The next morning, feeling more like myself (a little), we rushed back to the bus station, only to discover, it would cost us twice as much to get to Berlin. Whatever it took, as we had a hotel reservation and a friend meeting us there. We hopped on the bus and embarked on a 9-hour ride to Germany. Sherma and I caught up on sleep, talked and played games to pass the time. Every so often we would jump out at rest stops in random spots in Germany to smell the German air. We even ate German Burger King.

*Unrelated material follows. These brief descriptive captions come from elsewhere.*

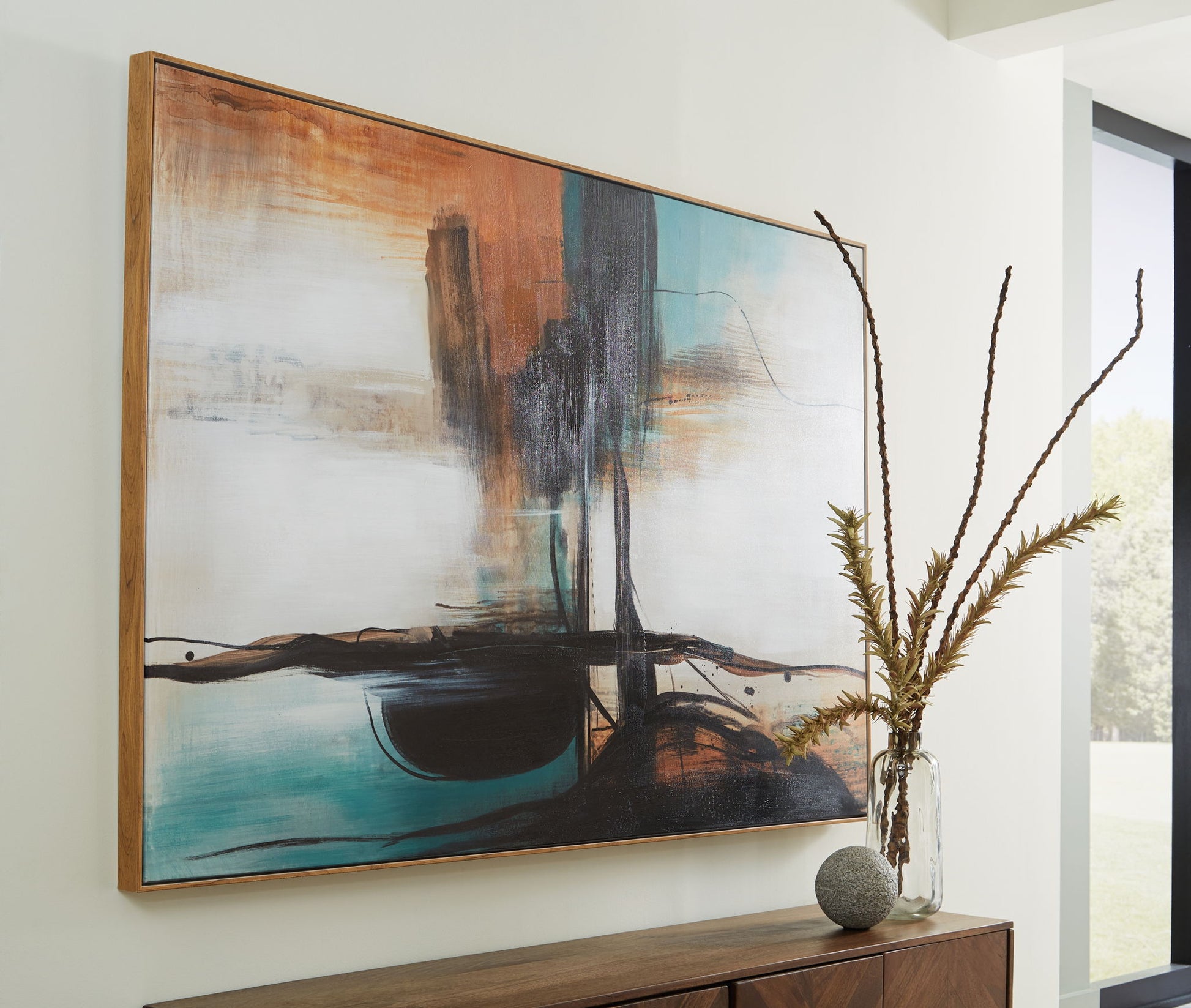Brunonia - Teal / Orange / Black - Wall Art - Hornell Furniture Outlet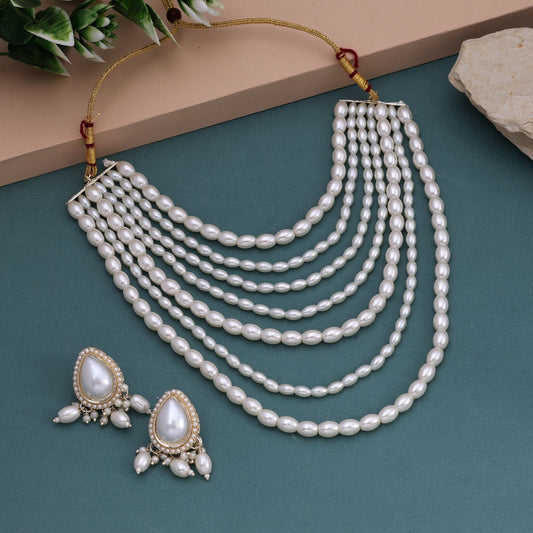 Beautiful White Color Puwai Necklace Set Perfect For Ethnic Party Outfits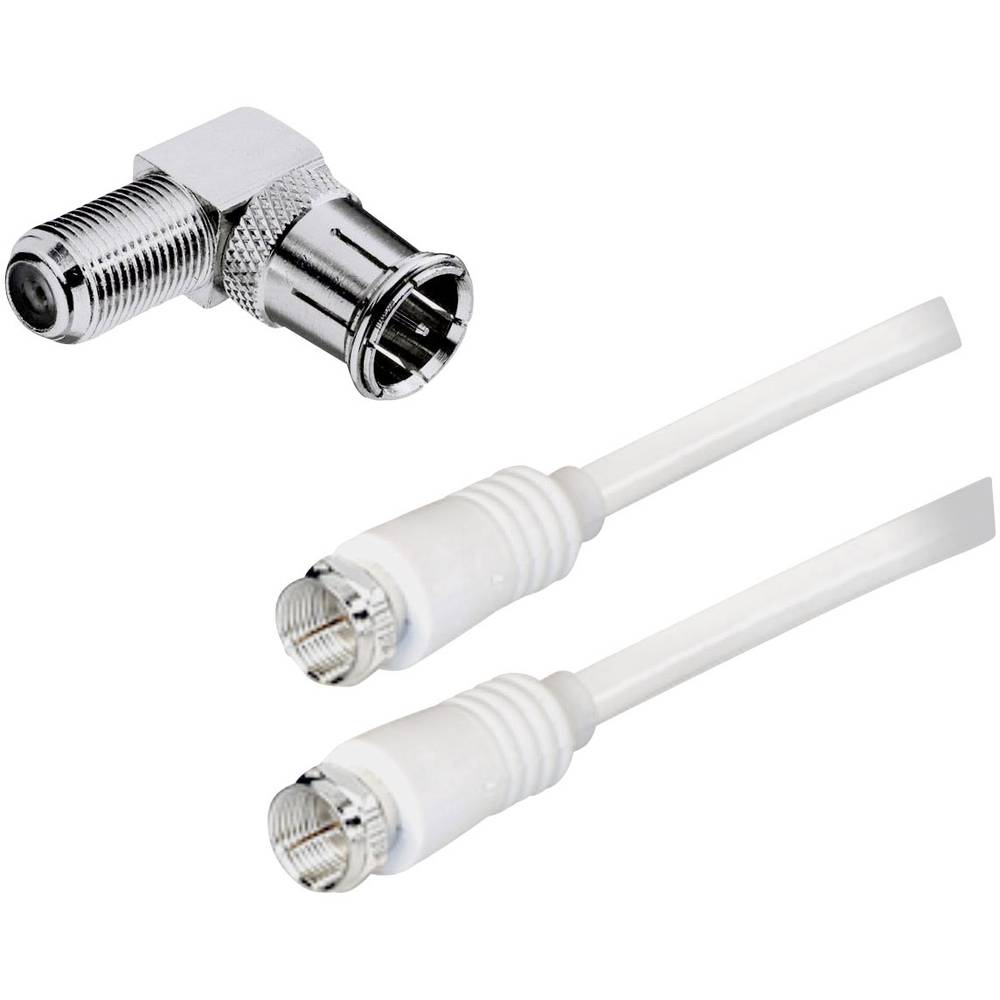 BKL Electronic antény, SAT kabel [1x F zástrčka - 1x F zástrčka] 2.50 m 85 dB dvoužilový stíněný bílá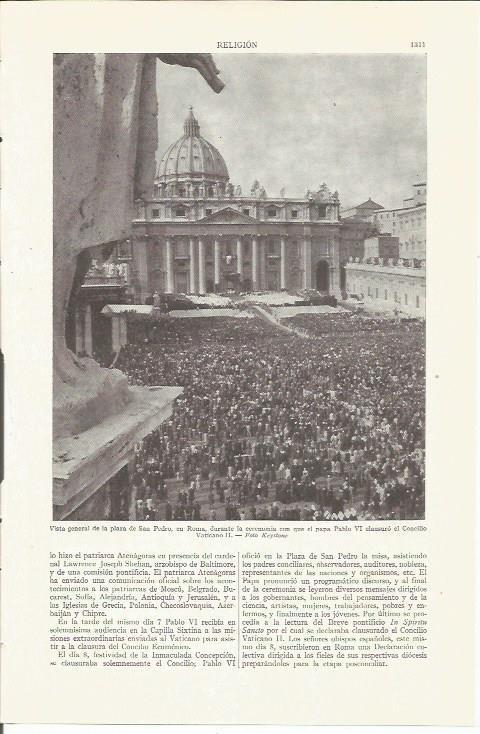LAMINA ESPASA 35938: Clausula del Concilio Vaticano II en Roma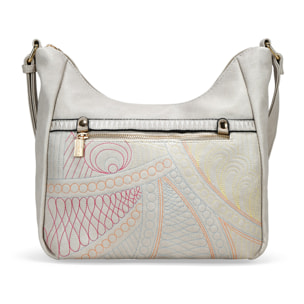 Bolso bandolera piedra con cosidos y cremallera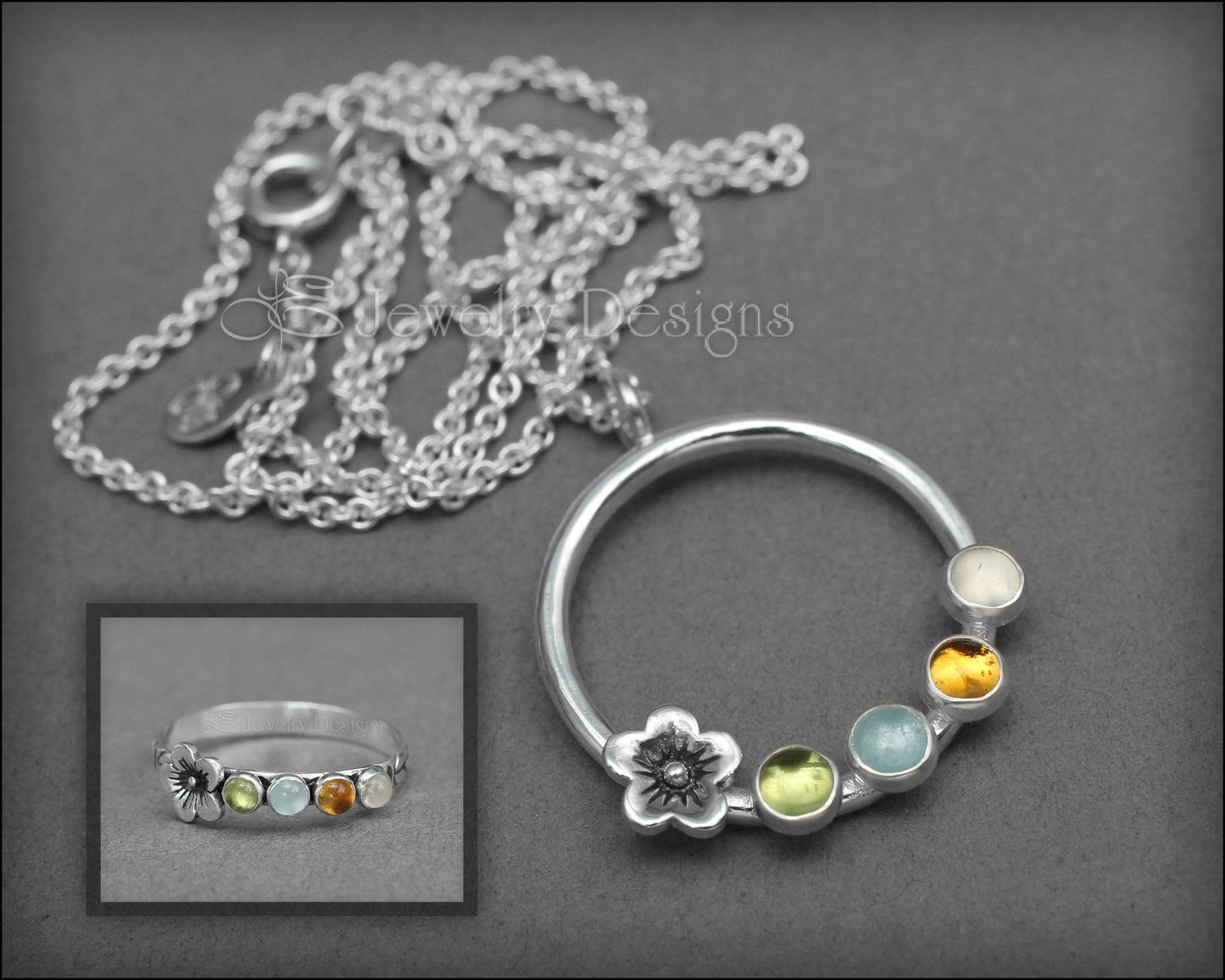Gemstone Flower Ring - (choose # of stones) - LE Jewelry Designs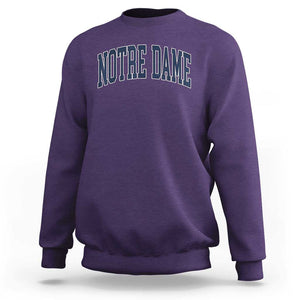 Classic Notre Dame Indiana Sweatshirt Vintage Retro Throwback Design TS02 Purple Print Your Wear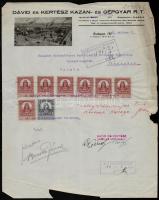 1928 Bp. VI., Dávid és Kertész Kazán- és Gépgyár Rt. fejléces számlája, a gyár létképével, okmánybélyegekkel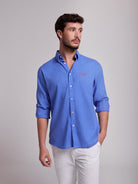 BLUE LINEN SHIRT LONG SLEEVE REGULAR FIT MR. BLUE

Of course, people stared at us, especially as I complained about having to pay 0.60euros to use the bathroom. When we finally got to Germany, our taxi driver started out being a mean grump but he ended up being a nice old man, who had a contagious German laugh. We settled into our hotel and roamed the streets, coming across a beer garden where we cheered to a good time and positive vibes in Germany.
- Mega Bus (Flix Bus): Yes, you can take a bus to Berlin from Amsterdam and you can actually travel to a lot of places using Flix Bus. These buses are a fraction of the cost that it would take you to fly but as you can imagine, you need time. Most people hate coach buses. I actually love them. One of the things I did notice while coming to and from Berlin on these buses is that everyone wants their own row. For the most part no one sat next to us, but we were one of the first ones on the bus and claimed our territory before anyone had the chance to.
- Public Restrooms in Europe: Paying to use the public bathrooms is a thing in Europe and it really makes you appreciate the luxury of walking into a restaurant or even Target and not having to pay to use their restrooms in America.